[Provided data]
=-=-=-=-=

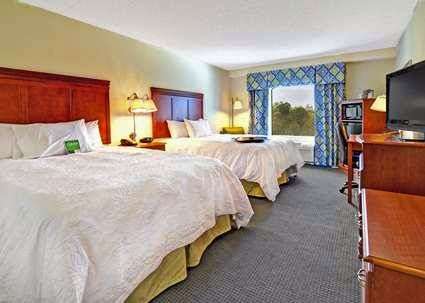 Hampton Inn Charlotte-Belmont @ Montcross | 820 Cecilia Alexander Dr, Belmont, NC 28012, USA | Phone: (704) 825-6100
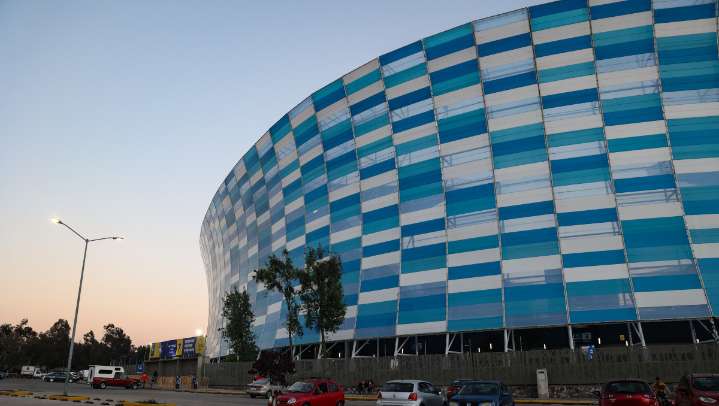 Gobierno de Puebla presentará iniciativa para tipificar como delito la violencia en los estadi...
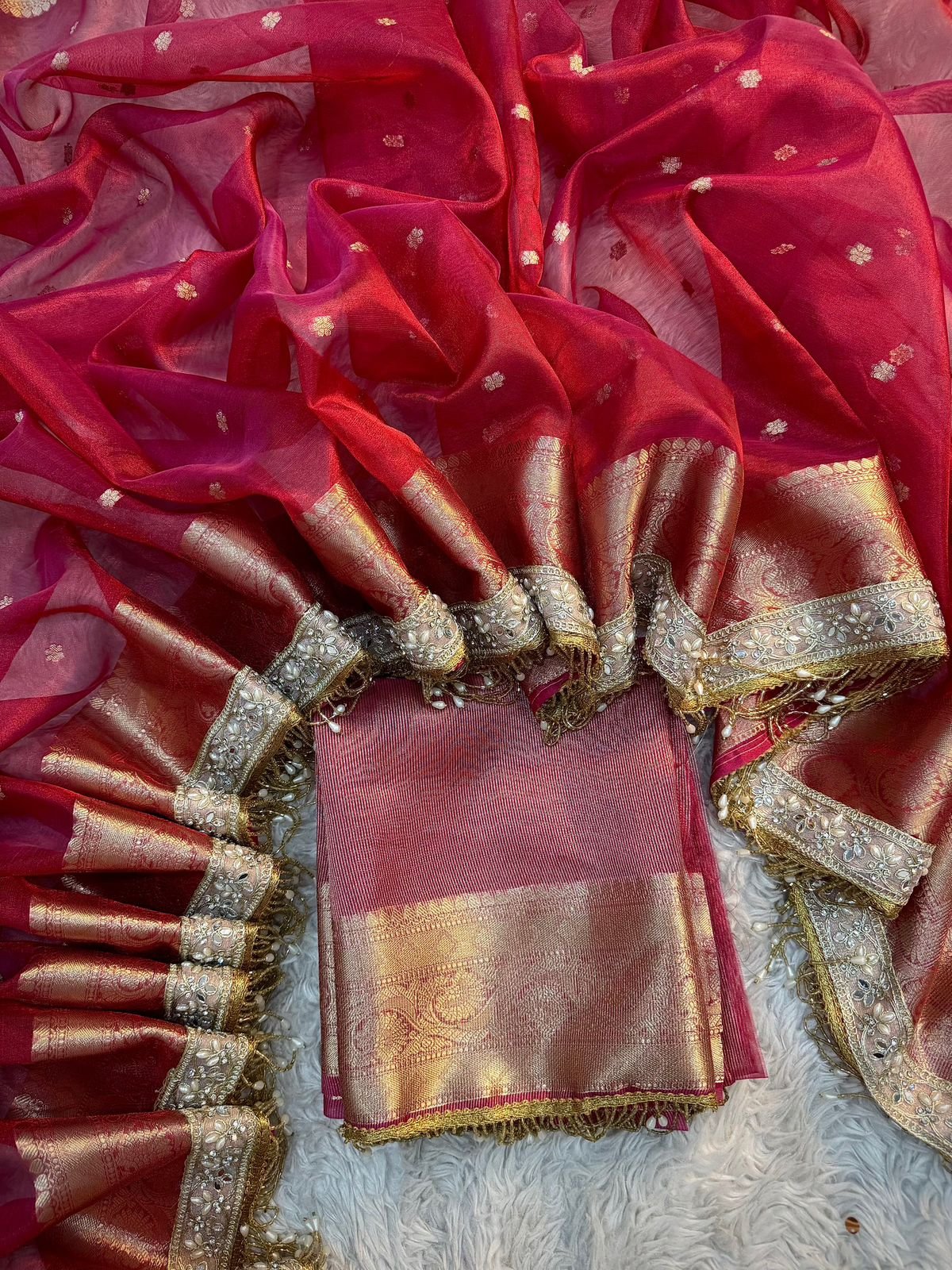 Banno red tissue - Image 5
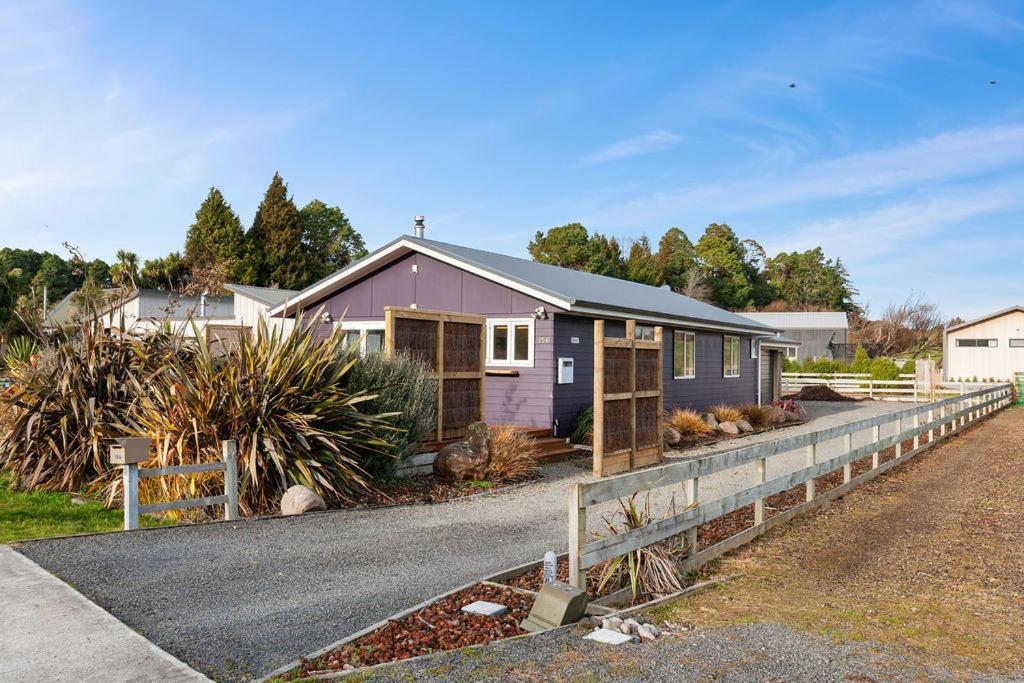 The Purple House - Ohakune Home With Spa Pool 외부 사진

=-=-=-=-=

[Exercise directions] In the data above, the line containing "Banno red tissue - Image 5" and all lines after it are to be reproduced exactly, leaving out the pictures.

[Response to the exercise]
 Banno red tissue - Image 5
 The Purple House - Ohakune Home With Spa Pool 외부 사진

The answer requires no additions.